What you should do —
Retype exactly what runs from the first line of the data to the line with "A bedroom with", keeping both of those lines and skipping pictures.

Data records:
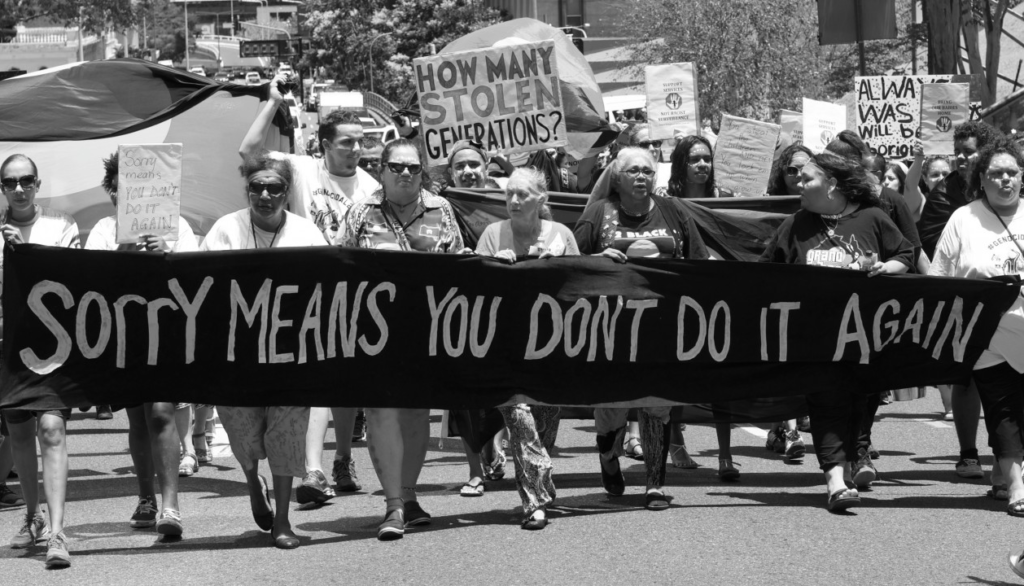 Photo taken of a protest march in 2014. Original image on www.stopstolengenerations.com.au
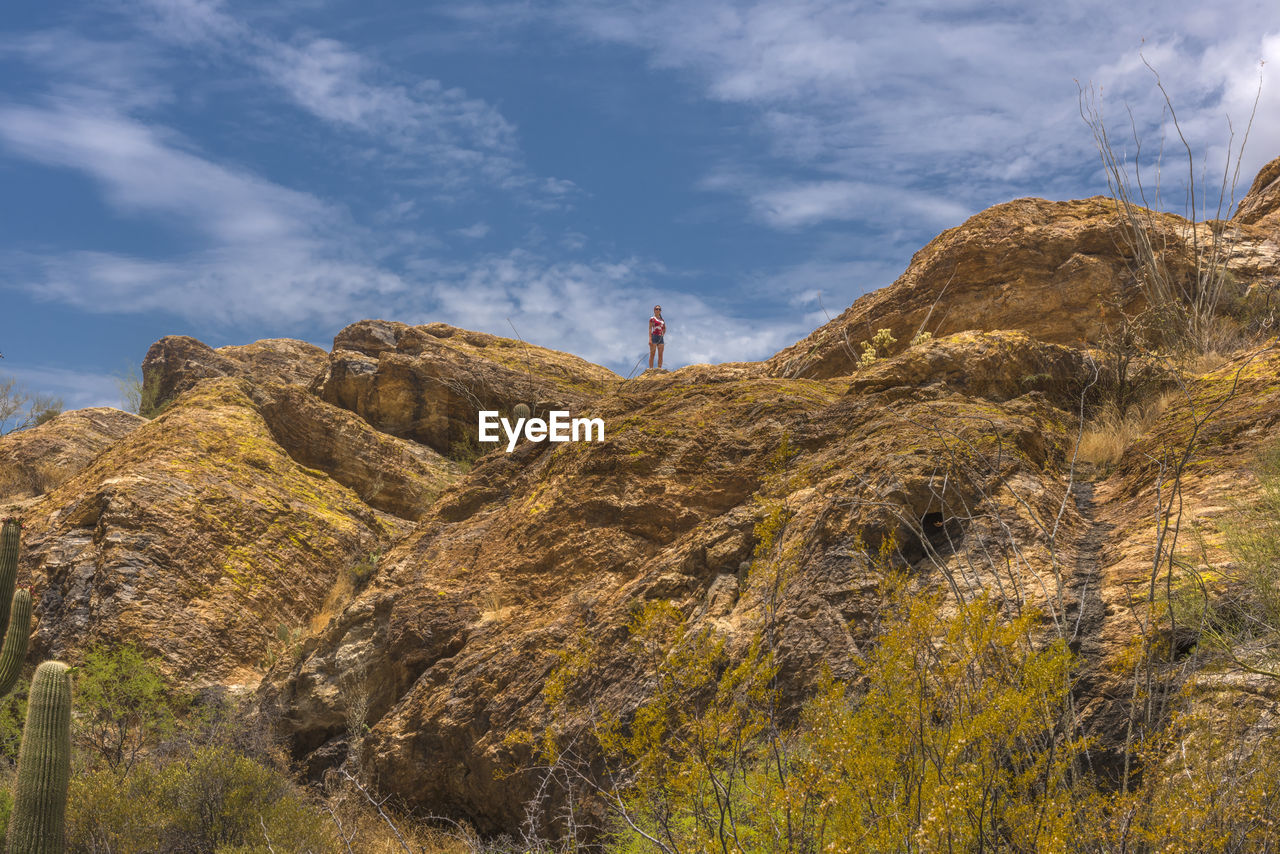 LOW ANGLE VIEW OF PERSON STANDING ON ROCKS AGAINST SKY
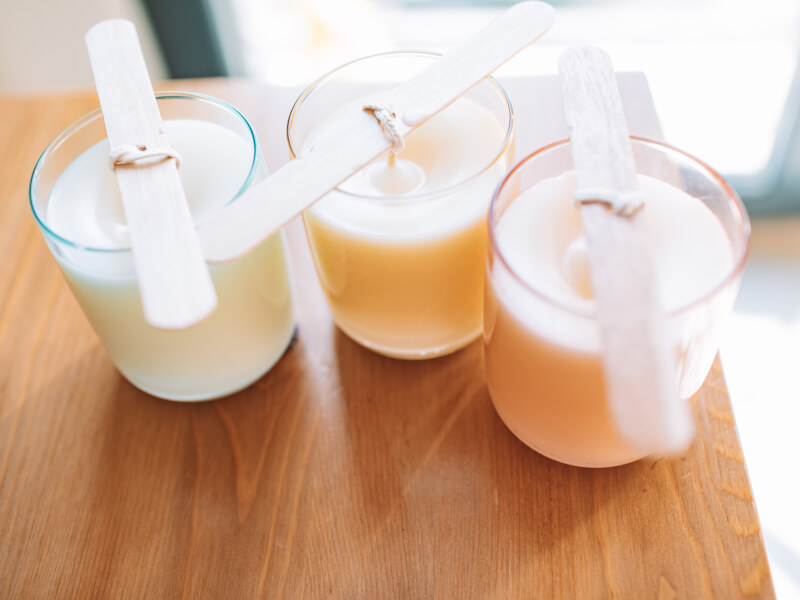 Three homemade soy candles made with a candle making kit.
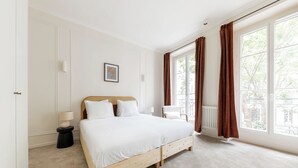 A bedroom with a large bed, a nightstand, a chair, and a window with curtains. - Trevise (Paris)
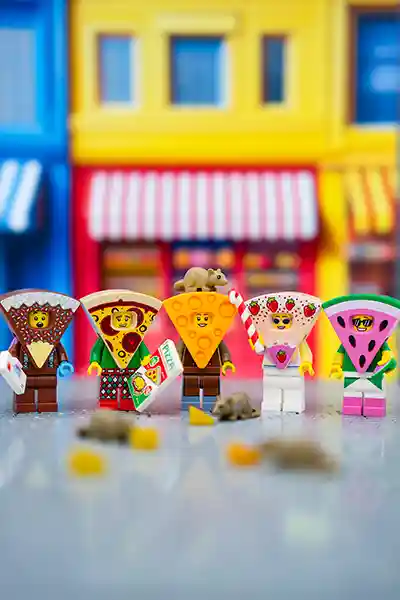 LEGO minifigures dressed in food-themed costumes including pizza, watermelon, cheese, and chocolate, standing on a street with colorful storefronts behind them.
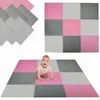 A baby crawling on a play mat made of interlocking foam tiles. Produktbild-Vorschau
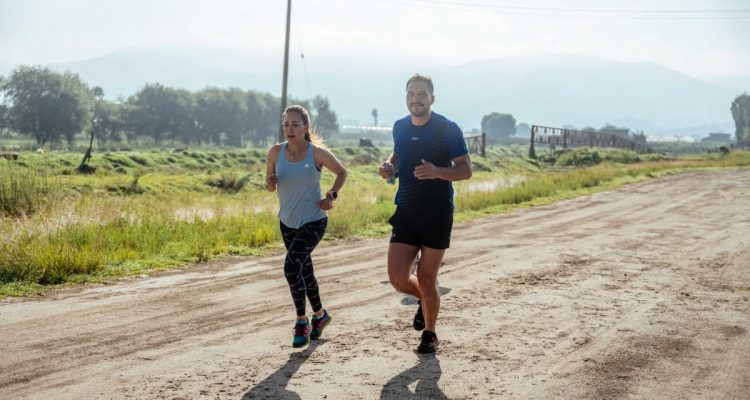 Active couple jogging on a dirt road in a scenic rural area under the bright sun.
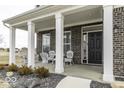 Inviting front porch featuring white columns, brick accents, and cozy seating, perfect for relaxing outdoors at 4078 Omaha Dr, Bargersville, IN 46106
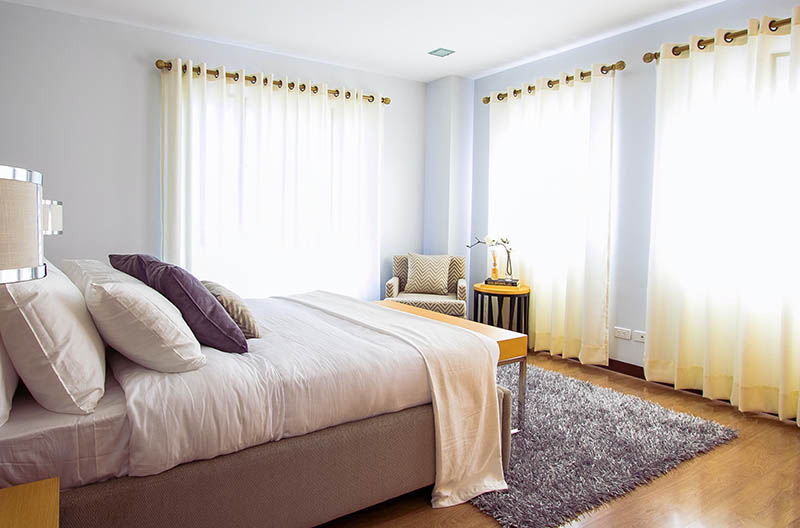 room with curtains and bed
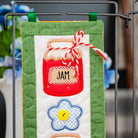 A close-up of a handmade quilted fabric wall hanging or decorative panel clipped to a metal rack. The panel features a green border, a white center, a red embroidered jar labeled "JAM" with a red-and-white striped ribbon, and a blue flower with a yellow center.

Result —
 Photo taken of a protest march in 2014. Original image on www.stopstolengenerations.com.au
 LOW ANGLE VIEW OF PERSON STANDING ON ROCKS AGAINST SKY
 Three homemade soy candles made with a candle making kit.
 A bedroom with a large bed, a nightstand, a chair, and a window with curtains. - Trevise (Paris)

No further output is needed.